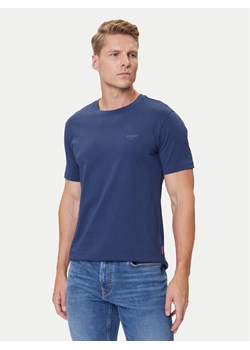 JOOP! Jeans T-Shirt 15 JJJ-32Alphis 30045926 Niebieski Modern Fit ze sklepu MODIVO w kategorii T-shirty męskie - zdjęcie 184957526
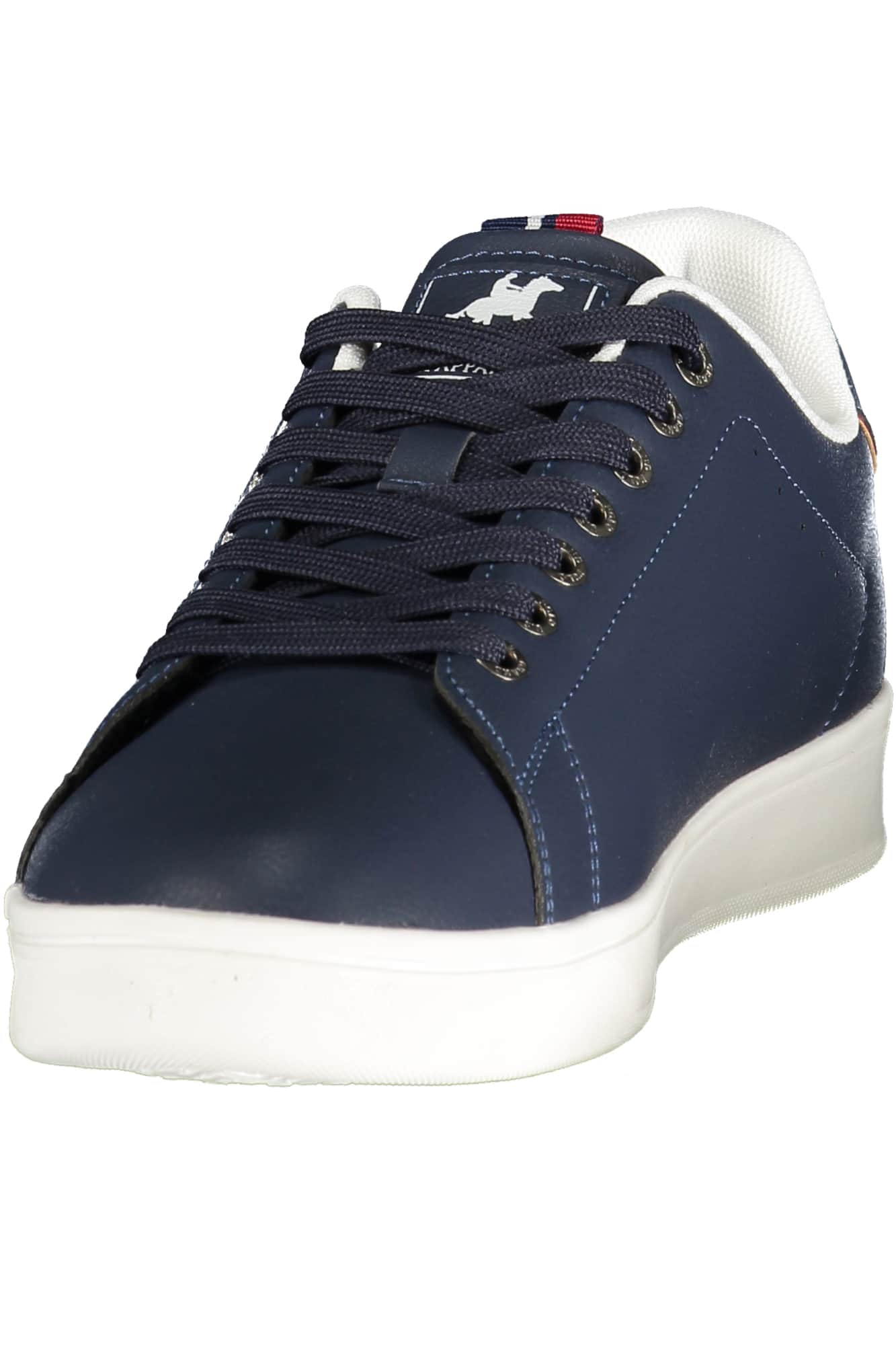US Grand hombre azul zapatillas deportivas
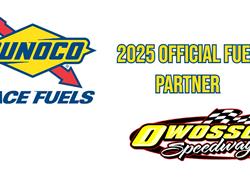 Sunoco Race Fuels Announced as Official Fuel Partner in 2025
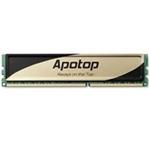 Apotop DDR3 2GB 1600 240 Pin CL11 DIMM RAM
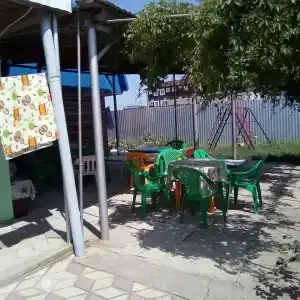 Азовский персик - 4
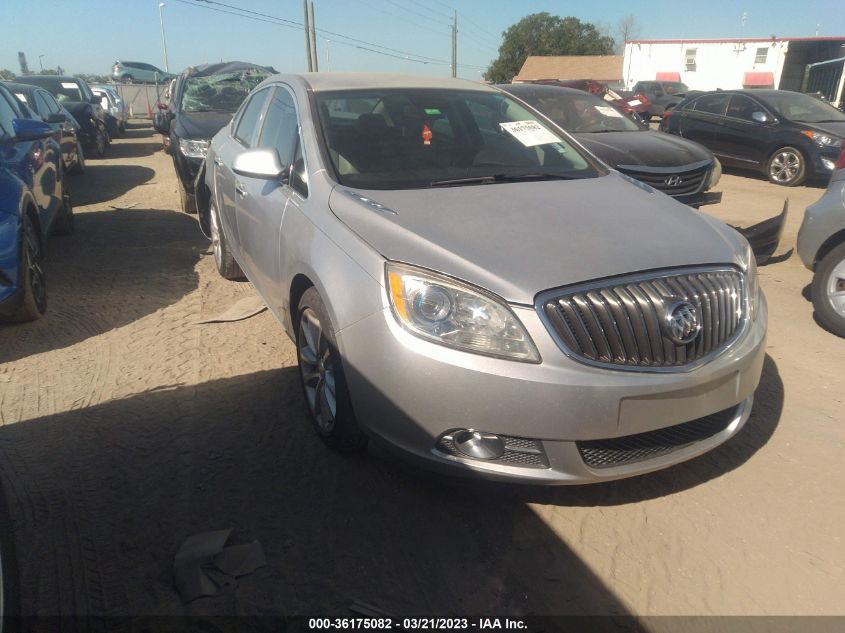 2014 BUICK VERANO - 1G4PP5SK8E4180944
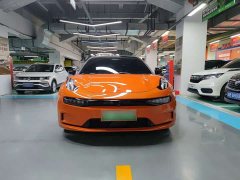 Zeekr 001 YOU Edition 100kWh - ფოტო 2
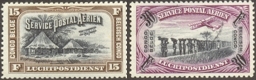 Belgisch-Kongo 119-20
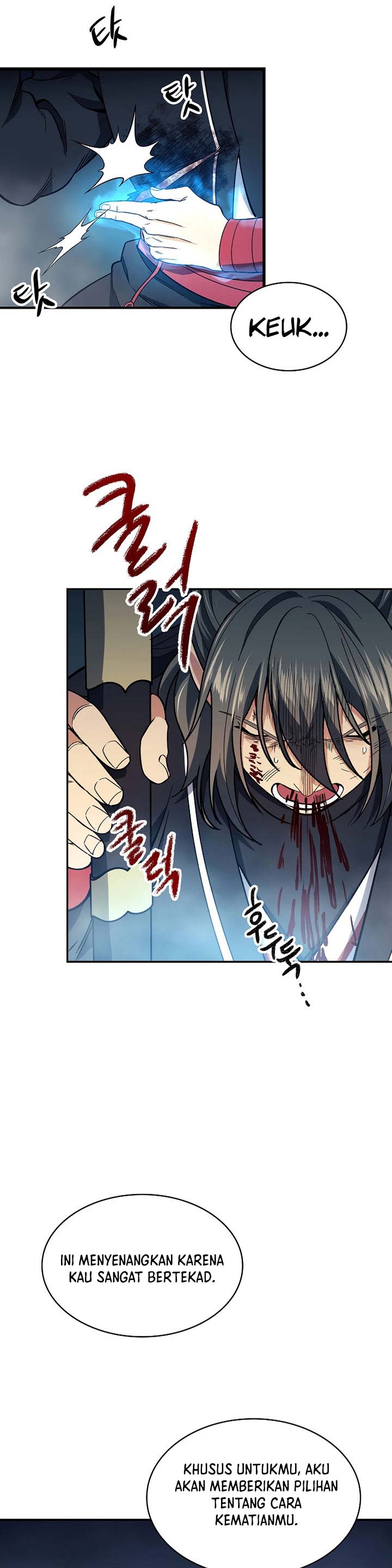 Storm Inn Chapter 79 Gambar 4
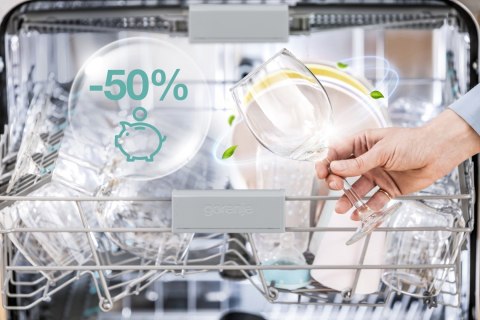Zmywarka do zabudowy GORENJE GV643D90 Zmywarka do zabudowy GORENJE GV643D90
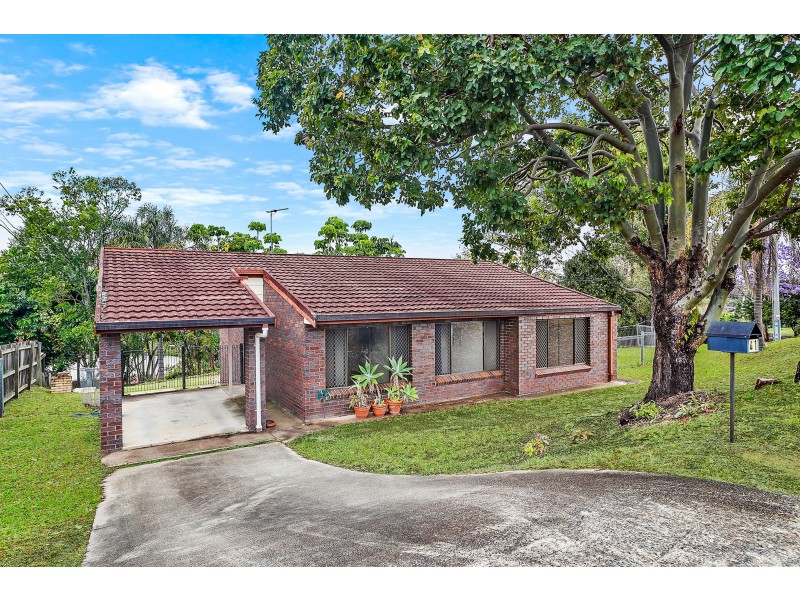 41 Pandeen Rd, Rochedale QLD 4123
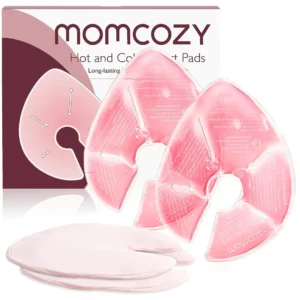 Momcozy Breast Therapy Pads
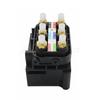 For Mercedes-Benz W164 W166 W221 W251 Air Suspension Solenoid Valve Block A2123200358 1663200204 A251320005 2123200358
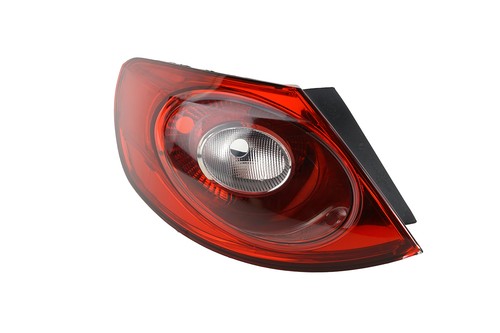 Dtv faro posteriore passat - posteriore,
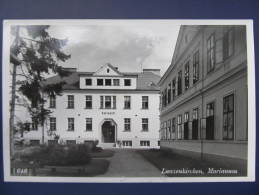 AK LANZENKIRCHEN WB 1940  //  D*8498 - Wiener Neustadt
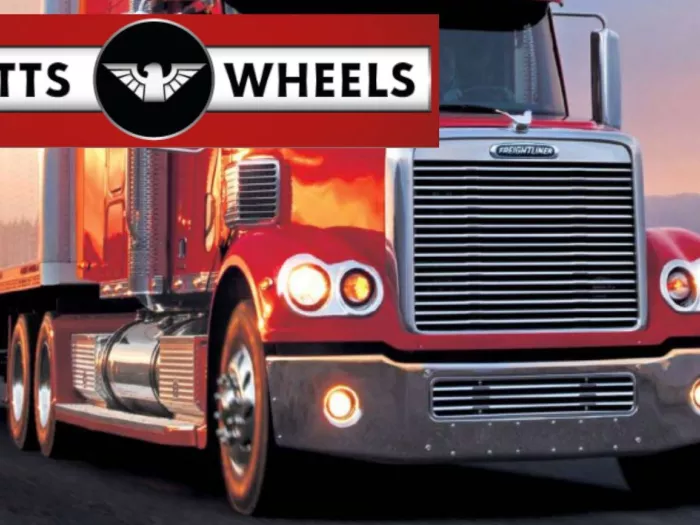 Watts Wheels: Aussie Wheel Gear to Make Your Rig Pop
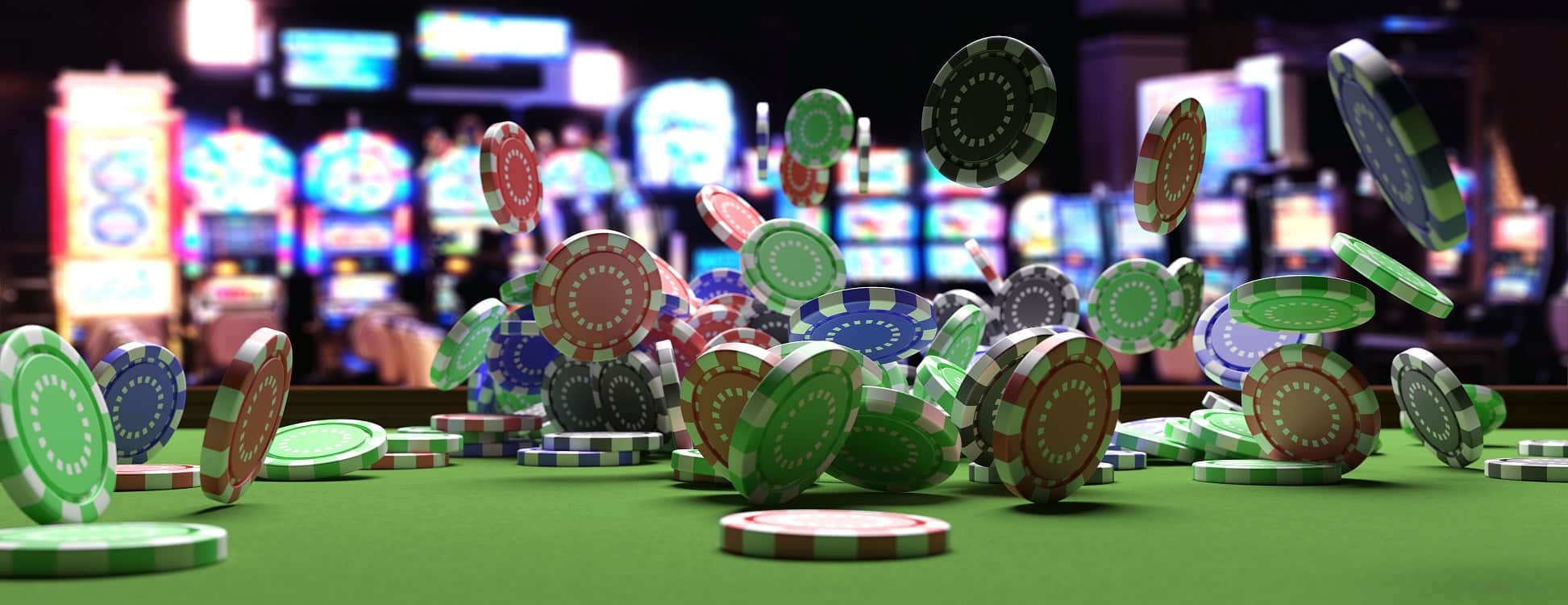 Online Casinos, Vulkan Vegas Bonus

--------------------------------

Exercise objective => Print the data above from its first line through the line that has "Zeekr 001 YOU Edition 100kWh - ფოტო 2", exactly and with nothing else, omitting pictures.

Result below =>
 JOOP! Jeans T-Shirt 15 JJJ-32Alphis 30045926 Niebieski Modern Fit ze sklepu MODIVO w kategorii T-shirty męskie - zdjęcie 184957526
US Grand hombre azul zapatillas deportivas
 Sunoco Race Fuels Announced as Official Fuel Partner in 2025
 Apotop DDR3 2GB 1600 240 Pin CL11 DIMM RAM
 Азовский персик - 4
 2014 BUICK VERANO - 1G4PP5SK8E4180944
 Zeekr 001 YOU Edition 100kWh - ფოტო 2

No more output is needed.